‘Chloe, it is not that.’
‘Then what is it?’
Her heart was beating hard in her chest and her emotions were that horrible, groggy mix of frustrated and sick with dread.
‘You must make your own choices, that is all,’ Gunnar said in the most matter-of-fact tone. ‘That is important.’
‘I will make my own choices,’ Chloe said, swallowing a lump in her throat. ‘I just…’ She let the sentence tail off because she didn’t know what to say. This morning they had made love so tenderly, so beautifully that she had had tears in the corners of her eyes which he then kissed away. She didn’t understand.
‘Chloe—’
‘No, it’s OK,’ she said, internally bolstering now. ‘You’re right. I have to board the plane.’ She smiled. Fake.
‘Text me when you land? Let me know you have arrived safely.’
She nodded. ‘Yes.’
‘Good.’
‘OK, well, I guess I will go now.’ She took a step away from him but if felt like it was really a gigantic leap. ‘Bye, Gunnar.’
And then she turned away. She couldn’t look at him any more because leaving was harder than she ever thought it would be. Because now it felt more awkward than ever. It hadn’t been a holiday romance to her, one that ended in a weird conversation at an airport, not when she had been as honest with him as she had ever been with anyone, nor after he had introduced her to his family. As she started to walk, wheeling her case, clutching her bag, the urge to turn around was so strong and all the while of not looking she was wanting him to be there, spinning her around and kissing her hard and telling her how much he wanted her to come back. However, as the seconds ticked by, the journey to the gate had never felt so solitary. Finally, she got to the end of the corridor, where she had to make a turn. There was no denying she needed to see him one more time, commit his face to her memory bank. But, turning her head, all she saw was an empty spot. Gunnar had already gone.
66
KAT’S HOME, WINCHESTER, UK
‘Chloe! You’re shivering! Come in! Quickly! Mum! Get the kettle on!’
Apparently, even though she had spent so much time in Iceland, Chloe was not accustomed to the absolute soul-soaking rain of the UK or the amount of time you had to hang around outside in it for public transport connections. She had been quickly sodden from the moment she left the airport and it had continued on trains, buses and taxis until she arrived here at Kat’s home, with no warning whatsoever, feeling bewildered and completely out-of-sorts.
‘I’m… sorry,’ Chloe said through chattering teeth. ‘I should have called but thinking was hurting so I just… acted.’
‘Oh shit, you’re talking in riddles.

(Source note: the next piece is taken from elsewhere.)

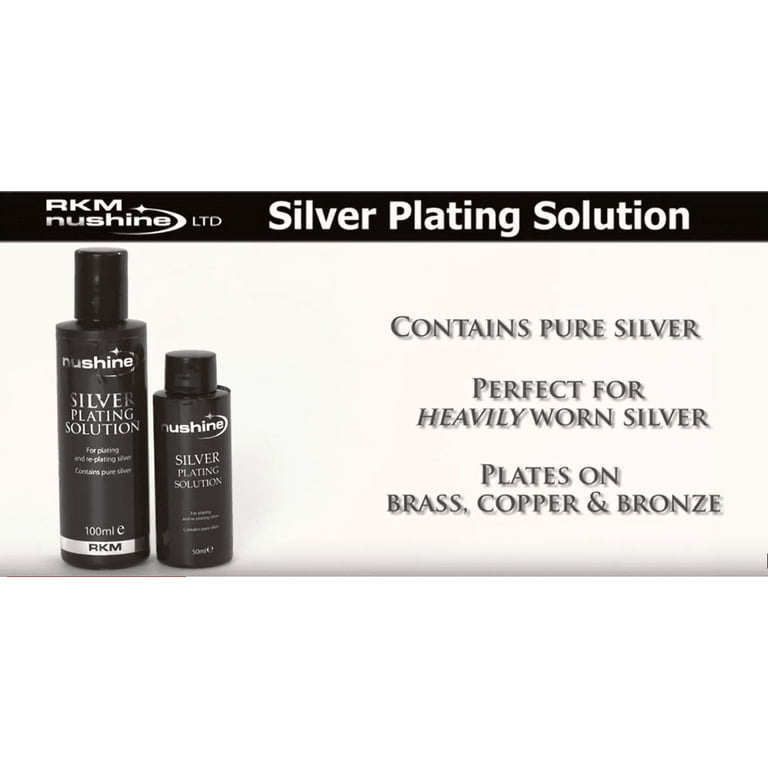 Nushine Silver Plating Solution 1.7 Oz - Permanently Plate Pure Silver onto  Worn Silver, Brass, Copper and Bronze (ecofriendly Formula)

What’s happened?’ Kat asked, unzipping Chloe’s coat and taking it from her and then reaching coats down from her rail in the hallway and beginning to layer them up onto her friend.
‘I… don’t know. I got on the plane, but before I got on the plane, things with Gunnar just went wrong and I feel so stupid and I don’t want to feel stupid I want to feel like I felt when things weren’t going wrong with him and I have preparation to do for the Sinclairz Chairs meeting and I can’t focus and?—’
‘OK, I’ve heard more than enough and there is only one cure for this. Mum! Forget the tea! Get the large bottle of Baileys out and three glasses. The big ones!’
* * *
‘So, let me get this straight,’ Kat’s mother, Rula said. ‘He has a son. And a woman he lives with. But she’s not the mother of the son, or the grandmother, and she broke her ankle. But she didn’t break her ankle falling from the roof of the school where she had kidnapped someone. And the son-who-isn’t-the-son was being bullied because he was rescued from a volcano.’ She looked at her half-empty glass of Baileys. ‘Am I drunk, Katherine? Because this sounds like a film.’
‘Don’t forget about the sex in a secluded thermal lagoon,’ Kat said, topping up Chloe’s glass with the creamy alcohol.
‘I didn’t tell your mum that!’ Chloe shrieked.
‘And that I would have been even more interested in. Do you know, I once had sex in an igloo,’ Rula announced.
‘Argh! Stop! La la la la la la!’ Kat said, slapping her hands over her ears.
‘It wasn’t with your father.’
‘Is that supposed to make it better or worse because I don’t know!’ Kat exclaimed.
‘I think the core take away from all this is that you like this guy a lot but you don’t know what to do with that feeling. Am I right, Katherine?’ Rula said, curling her feet up underneath her on the sofa.
‘You are right,’ Kat said, nodding. ‘Chloe, you’re being cautious and I understand why but sometimes you have to let it all out.’